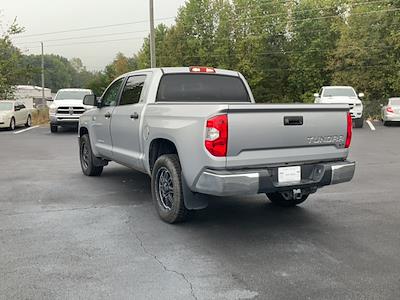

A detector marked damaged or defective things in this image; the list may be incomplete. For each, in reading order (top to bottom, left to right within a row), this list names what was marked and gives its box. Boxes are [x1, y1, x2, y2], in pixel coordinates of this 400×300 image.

crack in asphalt [127, 218, 198, 300]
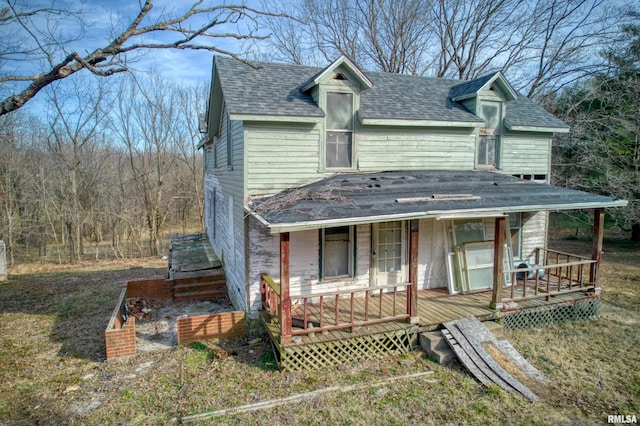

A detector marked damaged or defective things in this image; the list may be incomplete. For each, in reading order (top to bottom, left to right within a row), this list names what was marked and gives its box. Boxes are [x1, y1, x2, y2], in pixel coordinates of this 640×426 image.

broken porch railing [260, 272, 410, 342]
broken porch railing [502, 246, 596, 302]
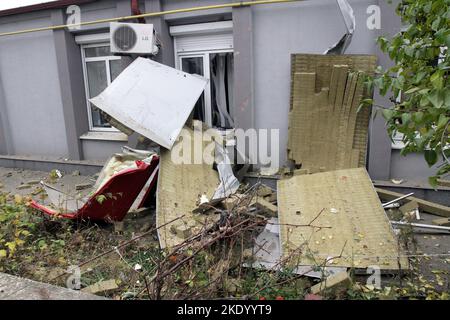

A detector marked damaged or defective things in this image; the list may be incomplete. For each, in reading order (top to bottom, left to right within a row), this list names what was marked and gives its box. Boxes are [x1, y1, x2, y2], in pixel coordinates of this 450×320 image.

shattered window [81, 42, 133, 130]
damaged exterior wall [0, 0, 440, 184]
damaged facade [0, 0, 442, 195]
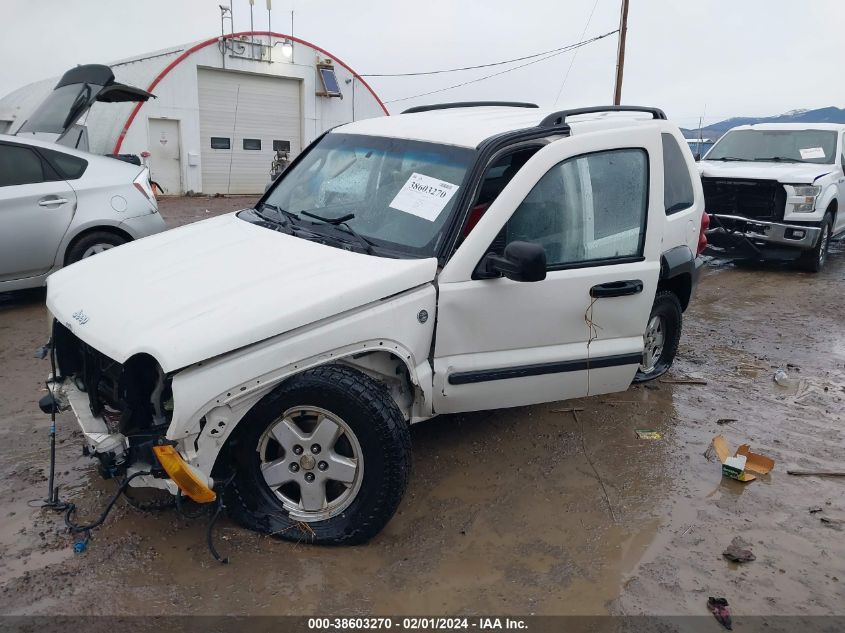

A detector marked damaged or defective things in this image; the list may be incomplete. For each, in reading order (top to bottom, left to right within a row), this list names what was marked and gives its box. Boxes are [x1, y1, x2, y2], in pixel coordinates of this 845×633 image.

damaged white suv [44, 103, 704, 544]
broken headlight [784, 183, 816, 212]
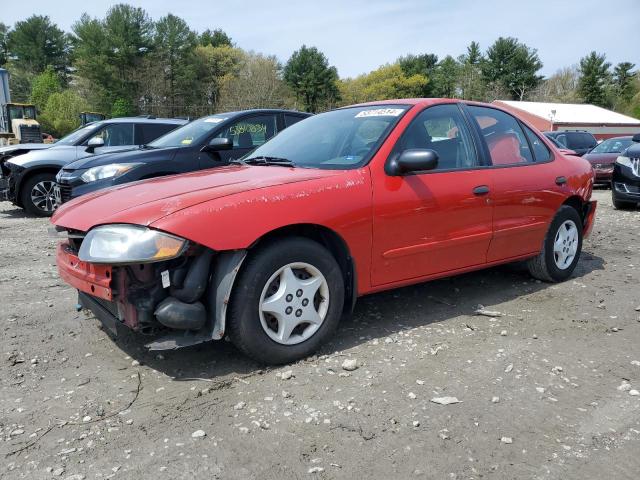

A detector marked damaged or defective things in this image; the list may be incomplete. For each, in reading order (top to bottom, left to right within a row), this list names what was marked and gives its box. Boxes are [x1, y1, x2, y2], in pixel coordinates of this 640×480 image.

exposed wheel well [15, 167, 60, 206]
damaged front bumper [55, 240, 245, 348]
exposed wheel well [251, 225, 360, 316]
——————
**TASK BRIEF**
Could you reproduce every record above exactly, leaving out any pictures?

**EXERCISE OUTPUT**
A detector marked damaged or defective things in this image; the list may be incomplete. For each, in reading order (top to bottom, left to right within a row), this list names what was marked and gives its box. Boxes are [x1, y1, x2, y2], in pixel coordinates of this 400×300 image.

crack in asphalt [127, 218, 198, 300]

A detector marked damaged or defective things in this image; the list may be incomplete. For each, in reading order (top to bottom, left to right within a row), this list names what was marked and gives its box. Boxes are [x1, y1, x2, y2], in pixel coordinates of this 640×426 image.

broken porch railing [260, 272, 410, 342]
broken porch railing [502, 246, 596, 302]

A detector marked damaged or defective things in this image; the list may be incomplete. For each, in reading order (top to bottom, left to right within a row), this list names what was marked and gives its box. Boxes are [x1, y1, x2, y2], in pixel coordinates of this 450×320 image.

shattered window [81, 42, 133, 130]
damaged exterior wall [0, 0, 440, 184]
damaged facade [0, 0, 442, 195]

A detector marked damaged or defective things in this image; the list may be incomplete. For each, in reading order (top to bottom, left to right within a row), this list names what was marked and gives its box. Boxes are [x1, y1, x2, y2], in pixel coordinates of this 845×633 image.

damaged white suv [44, 103, 704, 544]
broken headlight [784, 183, 816, 212]

A detector marked damaged or defective things in this image; the list may be incomplete. For each, in reading order (top to bottom, left to right within a row), this list names what was marked and gives its box. Boxes are [x1, y1, x2, y2], in pixel coordinates of this 640×480 image.

exposed wheel well [15, 167, 60, 206]
damaged front bumper [55, 240, 245, 348]
exposed wheel well [251, 225, 360, 316]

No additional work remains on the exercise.